Chapter 124: The First Public Test of Silver
The academy scheduled my public Silver test for the next morning.
Naturally.
Safety had excellent marketing, but bureaucracy had better stamina.
The announcement appeared on the ranking board at seventh bell, between a dining hall menu correction and a reminder that unauthorized duels in the east fountain counted as property damage.
[Provisional Silver Tactical Access Review]
[Student: Cedric Valdrake Arkhen]
[Format: Controlled Tactical Proxy Scenario]
[Objective: Validate command classification under medical restriction]
[Direct combat: prohibited]
[Public observation: limited]
[Failure condition: tactical incompetence, anomaly instability, witness interference]
Witness interference.
I stared at the final line.
The board had learned new insults.
Liora read it over my shoulder and smiled.
"Limited public observation means everyone important will be there."
"Yes."
"Failure condition means they choose after you act."
"Yes."
"Witness interference means if we help too well, they call it cheating."
"Yes."
She cracked her knuckles.
Seraphina appeared from the Healing Hall corridor with her slate in hand. "No direct combat means they cannot force him to fight."
Veylan, standing beside the board, said, "No direct combat means they found another blade."
Correct.
A tactical proxy scenario sounded safer because it removed my damaged hand from the center.
That was the lie.
It placed my judgment in the center instead.
If I failed, I was a fake Silver.
If I succeeded through Team Seven, I was dependent.
If I succeeded alone, I fed the legend.
If I used too much knowledge, Malcris would learn more.

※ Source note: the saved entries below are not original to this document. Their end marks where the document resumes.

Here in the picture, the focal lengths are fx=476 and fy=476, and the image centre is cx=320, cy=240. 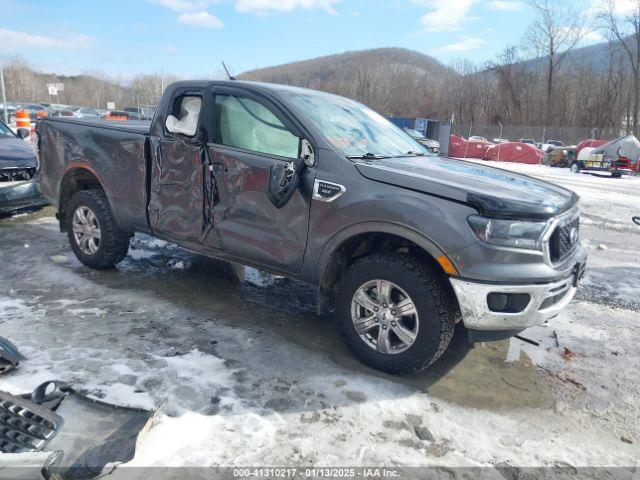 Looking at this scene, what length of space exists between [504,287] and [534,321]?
32cm

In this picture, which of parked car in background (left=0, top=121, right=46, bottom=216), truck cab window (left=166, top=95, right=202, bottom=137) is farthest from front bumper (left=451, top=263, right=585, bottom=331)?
parked car in background (left=0, top=121, right=46, bottom=216)

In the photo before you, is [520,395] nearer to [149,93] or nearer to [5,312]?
[5,312]

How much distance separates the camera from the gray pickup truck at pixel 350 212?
278 cm

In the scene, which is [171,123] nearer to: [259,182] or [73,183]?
[259,182]

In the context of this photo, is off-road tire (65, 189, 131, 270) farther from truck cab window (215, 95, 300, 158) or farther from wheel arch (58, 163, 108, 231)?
truck cab window (215, 95, 300, 158)

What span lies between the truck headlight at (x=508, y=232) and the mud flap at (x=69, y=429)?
209 centimetres

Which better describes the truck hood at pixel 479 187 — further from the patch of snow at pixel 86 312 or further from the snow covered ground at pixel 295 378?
the patch of snow at pixel 86 312

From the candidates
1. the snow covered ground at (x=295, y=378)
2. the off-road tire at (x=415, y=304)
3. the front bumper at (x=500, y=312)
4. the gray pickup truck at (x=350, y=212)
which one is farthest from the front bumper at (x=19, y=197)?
the front bumper at (x=500, y=312)

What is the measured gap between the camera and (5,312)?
3.87 meters

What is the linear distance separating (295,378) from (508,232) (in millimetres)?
1603

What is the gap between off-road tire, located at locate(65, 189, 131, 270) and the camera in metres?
4.69

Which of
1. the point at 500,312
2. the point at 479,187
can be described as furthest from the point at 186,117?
the point at 500,312

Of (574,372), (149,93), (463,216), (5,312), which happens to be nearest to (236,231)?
(463,216)

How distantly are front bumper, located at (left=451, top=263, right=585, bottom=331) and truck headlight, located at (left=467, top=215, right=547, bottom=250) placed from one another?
0.24m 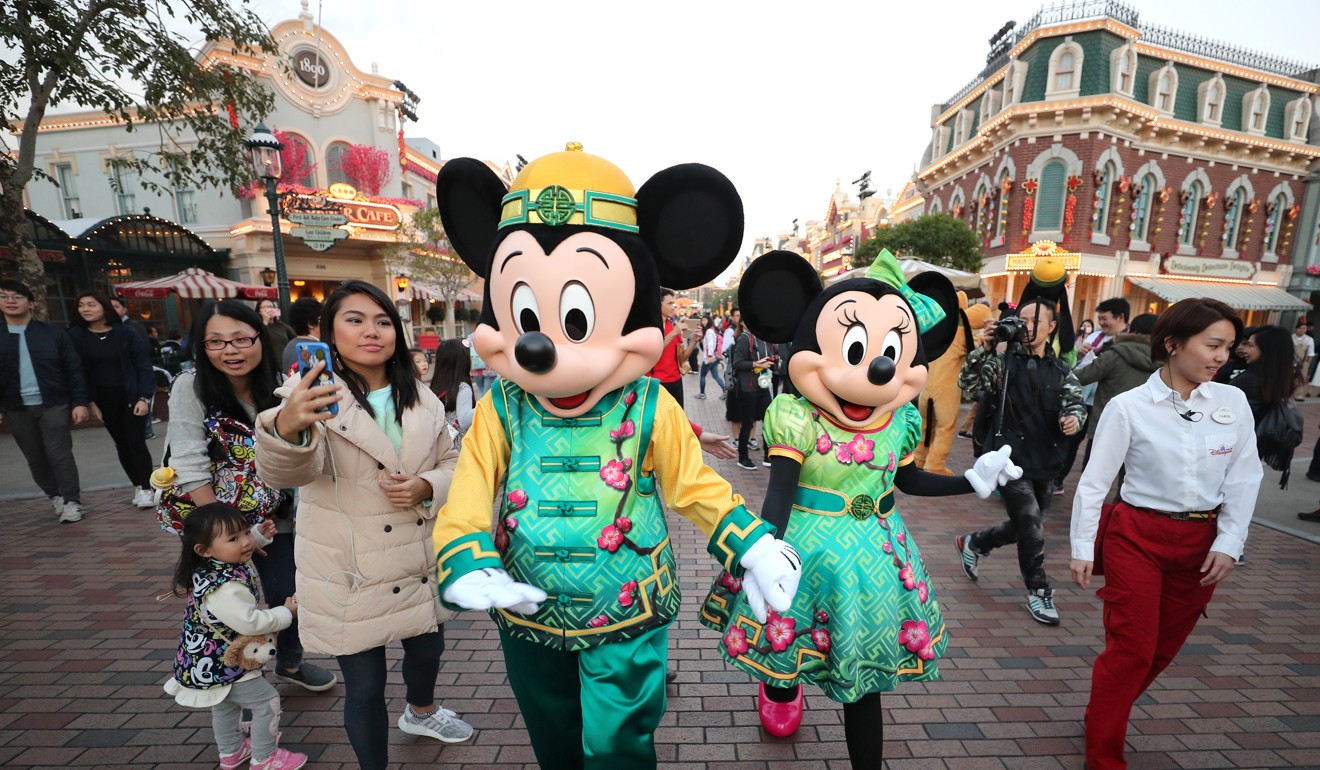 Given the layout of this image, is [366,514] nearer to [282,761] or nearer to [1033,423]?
[282,761]

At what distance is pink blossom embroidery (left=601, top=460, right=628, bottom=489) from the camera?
1.65m

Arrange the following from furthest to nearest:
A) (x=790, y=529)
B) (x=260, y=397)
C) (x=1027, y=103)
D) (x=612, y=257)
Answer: (x=1027, y=103)
(x=260, y=397)
(x=790, y=529)
(x=612, y=257)

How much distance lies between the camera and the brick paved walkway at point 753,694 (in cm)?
239

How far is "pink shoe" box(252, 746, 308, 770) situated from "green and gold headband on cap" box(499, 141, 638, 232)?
2.27 meters

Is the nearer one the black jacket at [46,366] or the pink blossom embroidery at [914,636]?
the pink blossom embroidery at [914,636]

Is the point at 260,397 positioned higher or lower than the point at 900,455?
higher

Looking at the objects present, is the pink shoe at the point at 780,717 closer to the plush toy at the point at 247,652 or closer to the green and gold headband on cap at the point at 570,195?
the plush toy at the point at 247,652

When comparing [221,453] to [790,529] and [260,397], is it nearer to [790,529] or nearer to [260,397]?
[260,397]

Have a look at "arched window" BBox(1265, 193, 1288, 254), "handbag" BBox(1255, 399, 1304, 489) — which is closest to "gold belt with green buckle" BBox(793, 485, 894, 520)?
"handbag" BBox(1255, 399, 1304, 489)

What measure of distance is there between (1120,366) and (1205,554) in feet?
10.6

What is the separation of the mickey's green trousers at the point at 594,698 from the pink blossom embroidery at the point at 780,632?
16.5 inches

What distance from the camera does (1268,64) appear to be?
20562 mm

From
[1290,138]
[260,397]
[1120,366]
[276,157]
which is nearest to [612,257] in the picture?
[260,397]

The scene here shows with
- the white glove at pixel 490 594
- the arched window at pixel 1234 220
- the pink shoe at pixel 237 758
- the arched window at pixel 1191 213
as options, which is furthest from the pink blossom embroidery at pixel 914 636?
the arched window at pixel 1234 220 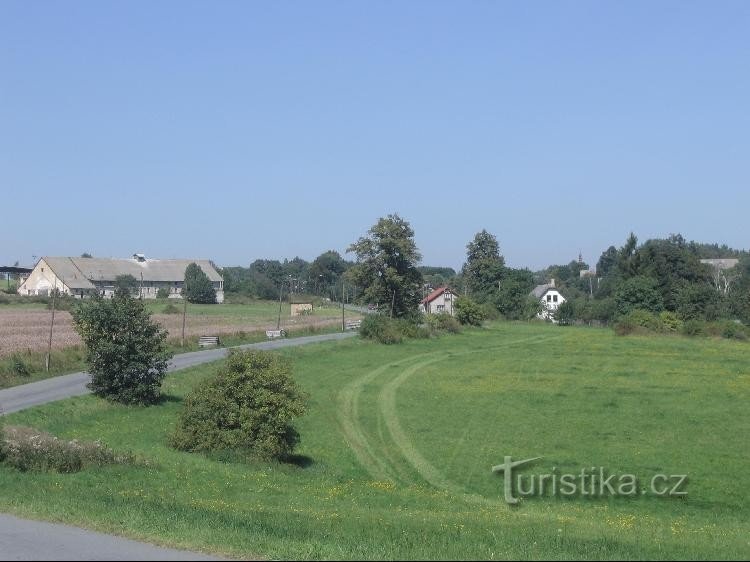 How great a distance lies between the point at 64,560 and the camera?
31.3ft

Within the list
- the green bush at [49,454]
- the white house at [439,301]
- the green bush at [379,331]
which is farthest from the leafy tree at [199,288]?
the green bush at [49,454]

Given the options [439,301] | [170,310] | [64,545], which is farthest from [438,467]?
[439,301]

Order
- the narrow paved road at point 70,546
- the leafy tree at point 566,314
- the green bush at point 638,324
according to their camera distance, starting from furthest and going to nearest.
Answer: the leafy tree at point 566,314
the green bush at point 638,324
the narrow paved road at point 70,546

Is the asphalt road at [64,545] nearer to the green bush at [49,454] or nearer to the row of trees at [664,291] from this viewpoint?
Answer: the green bush at [49,454]

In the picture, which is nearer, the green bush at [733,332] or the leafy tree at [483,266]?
the green bush at [733,332]

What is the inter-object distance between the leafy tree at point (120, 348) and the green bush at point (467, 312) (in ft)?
209

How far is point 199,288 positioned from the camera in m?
136

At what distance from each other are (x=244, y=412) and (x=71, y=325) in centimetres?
2796

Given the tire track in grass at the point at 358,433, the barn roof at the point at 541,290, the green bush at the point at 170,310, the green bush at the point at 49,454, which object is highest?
the barn roof at the point at 541,290

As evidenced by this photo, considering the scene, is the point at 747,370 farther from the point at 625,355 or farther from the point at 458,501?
the point at 458,501

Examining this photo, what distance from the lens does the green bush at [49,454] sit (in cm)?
1959

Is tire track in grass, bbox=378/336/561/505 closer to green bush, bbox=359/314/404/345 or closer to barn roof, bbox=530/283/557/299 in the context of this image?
green bush, bbox=359/314/404/345

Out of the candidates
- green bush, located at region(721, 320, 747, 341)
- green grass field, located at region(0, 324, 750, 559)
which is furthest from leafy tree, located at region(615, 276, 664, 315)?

If I used too little, people could die in a scenario designed to be controlled but written by people who considered controlled a decorative word.
"Where?" I asked.
Veylan pointed at the notice.
[Location: Mirror Yard Four]
Aiden frowned. "That yard is used for command drills."
"Not since last term," Niko said from behind him. He had appeared with two notebooks and a breakfast roll in his mouth. He swallowed badly. "Mirror Yard Four was closed after a reflection beast copied a senior team’s command pattern and made them fight themselves for six minutes."
Everyone stared.
He held up the roll. "I read closure reports for fun."
Liora looked at me. "Can we trade him?"
"No."
Niko looked wounded.
"Too useful," I added.
He recovered.
Mirror Yard Four sat behind the tactical towers, surrounded by tiered stone benches and silver-glass walls. The mirrors were not decorative. They recorded movement, projected proxy enemies, and reflected command delay back at the commander.
A perfect place to judge someone whose reputation exceeded his body.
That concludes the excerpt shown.